A Recipe: Whole Grain Buttermilk Biscuits

Whole grain buttermilk biscuits are a rare treat in our home.  We begin most mornings with a breakfast of pastured eggs and wilted greens or homemade yogurt and soaked oatmeal porridge.  Occasionally, just occasionally, I find the time to prepare whole grain buttermilk biscuits as a special treat.  I dust the flour off Meta Given’s Modern Encyclopedia of Cooking, a cookbook worn by six decades of use in various kitchens, and turn to page 236 which details a classic recipe for whole grain buttermilk biscuits that I’ve subsequently adapted for use in our kitchen.

Given’s original version of buttermilk biscuits calls for all-purpose flour which has no place in our kitchen as we’ve grown to prefer the rustic texture and fuller flavor of sprouted grain flour.  Yet, these buttermilk biscuits, despite the inclusion of whole grain or sprouted flour, are as tender and pleasantly flavored as the original, but richer in micronutrients.  Consider this improved vitamin and mineral profile a sort of gift of the whole grain that would otherwise be stripped and absent from its refined counterpart.  The generous use of freshly cultured buttermilk (see sources) and freshly rendered lard or butter makes for a soft, tender and flaky crumb.

Good homemade bread is easy to eat, and who isn’t thrilled to see puffy, crusty, golden-brown biscuits, muffins, rolls and loaves come out of the oven?  That’s why women in the cities as well as in the country will go on serving homemade breads.

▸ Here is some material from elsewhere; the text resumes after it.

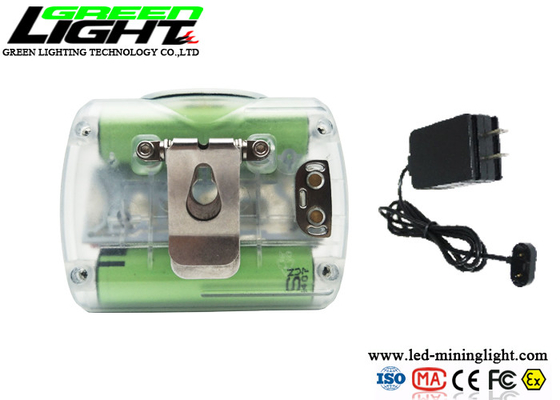 Fogo - PC 15000lux transparente explosivo sem corda resistente da lâmpada de tampão anti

Meta Given, 1948.

When I begin mixing the buttermilk and flour for fresh biscuits, my son’s eyes widen in anticipation.  He knows that a real treat awaits him.  He sets the table, taking care to place fresh butter in the center of the table and our raw, wildflower honey – an even greater treat in our home – just a touch closer to his plate.  From time to time, we’ll serve these biscuits in the southern tradition with pasture-raised pork sausage seasoned heavily with sage as well as a heavily peppered cream gravy.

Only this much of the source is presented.